→ Your goal:
Give the listing again word for word, excluding the pictures it contains.

___ Data extract ___

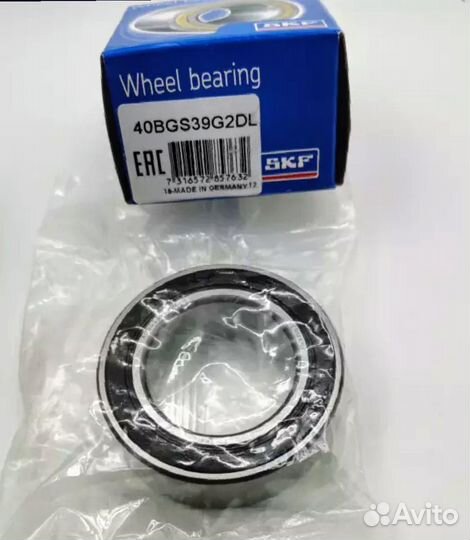 Подшипник 40*66*24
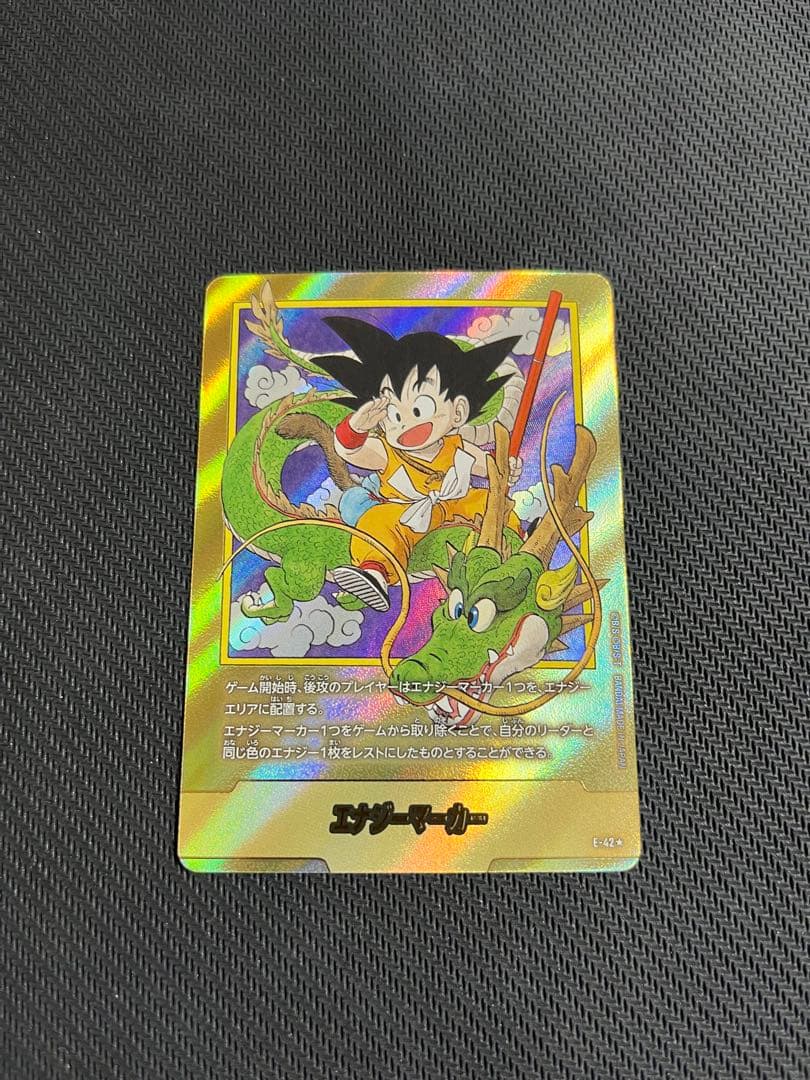 フュージョンワールド エナジーマーカー　1巻表紙 パラレル まりんたそ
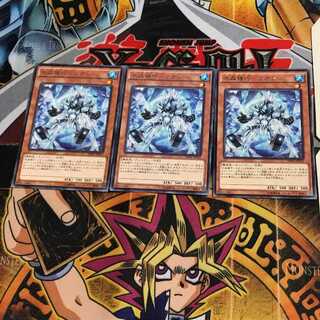 水晶機巧-クオン INOV 9 レア 3枚セット てら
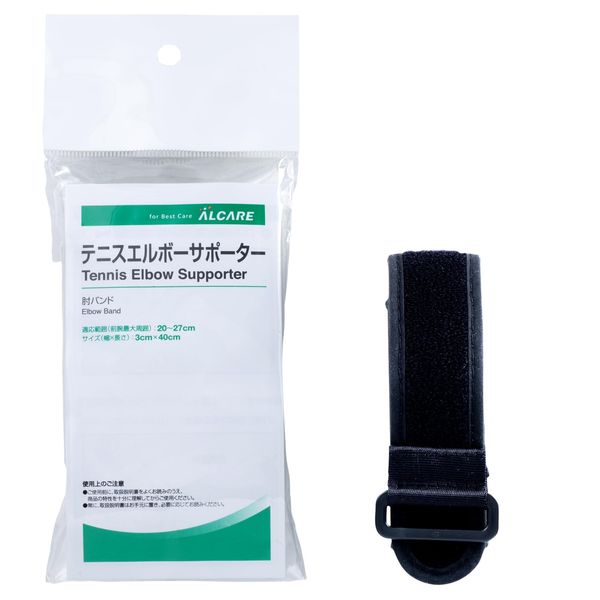 Alcare Tennis Elbow Supporter 19991 (Black)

___

→ Answer below:
 Подшипник 40*66*24
 フュージョンワールド エナジーマーカー　1巻表紙 パラレル まりんたそ
 水晶機巧-クオン INOV 9 レア 3枚セット てら
 Alcare Tennis Elbow Supporter 19991 (Black)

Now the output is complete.